### SUPPLIED RECORDS

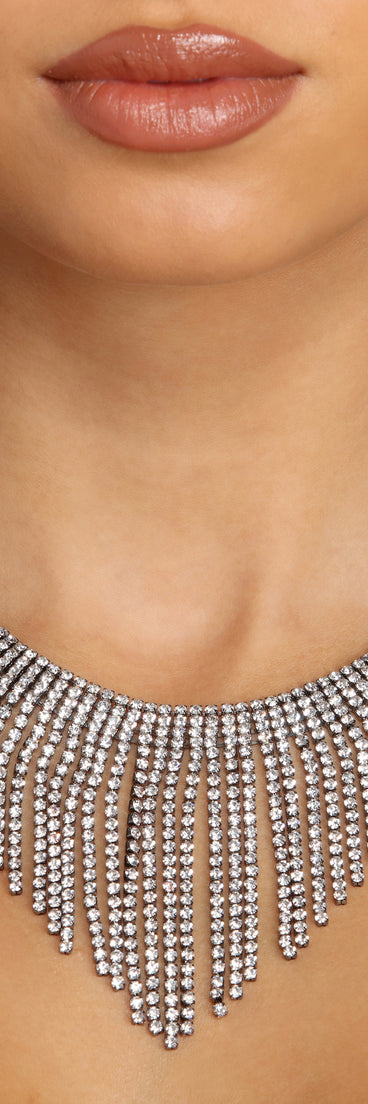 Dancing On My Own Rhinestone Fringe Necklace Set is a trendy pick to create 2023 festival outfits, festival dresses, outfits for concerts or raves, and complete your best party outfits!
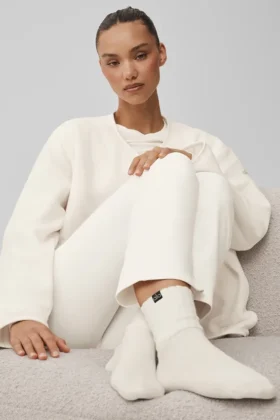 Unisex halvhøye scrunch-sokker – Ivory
--
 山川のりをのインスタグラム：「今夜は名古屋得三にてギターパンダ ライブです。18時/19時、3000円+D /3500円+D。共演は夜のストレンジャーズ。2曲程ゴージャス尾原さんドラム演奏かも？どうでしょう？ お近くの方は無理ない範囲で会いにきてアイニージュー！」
---
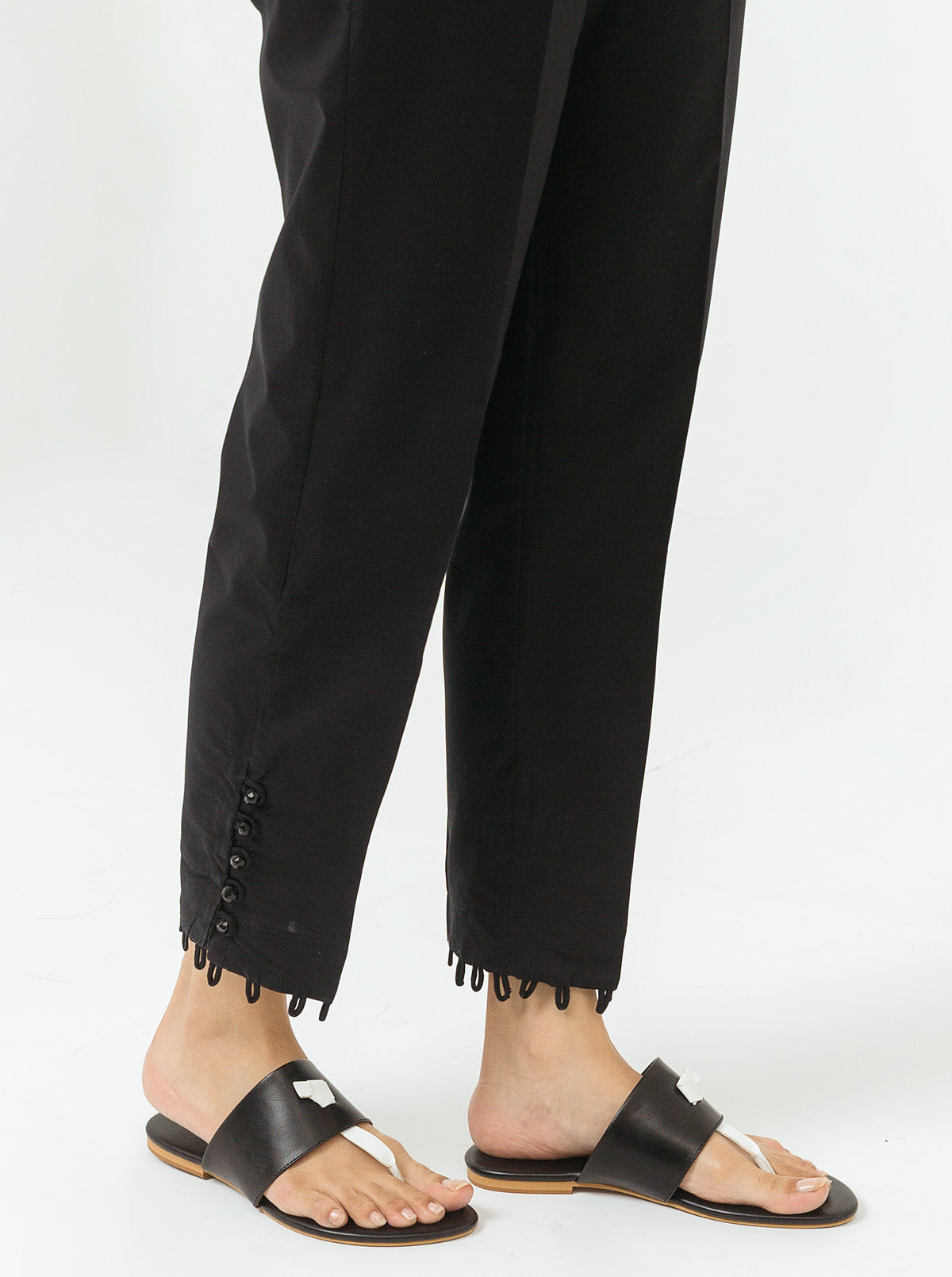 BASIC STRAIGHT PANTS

### YOUR TASK
Copy nothing but the lines above from the one with "Dancing On My" to the one with "Unisex halvhøye scrunch-sokker – Ivory", inclusive, word for word. Leave every picture out.

### WRITTEN RESPONSE
 Dancing On My Own Rhinestone Fringe Necklace Set is a trendy pick to create 2023 festival outfits, festival dresses, outfits for concerts or raves, and complete your best party outfits!
 Unisex halvhøye scrunch-sokker – Ivory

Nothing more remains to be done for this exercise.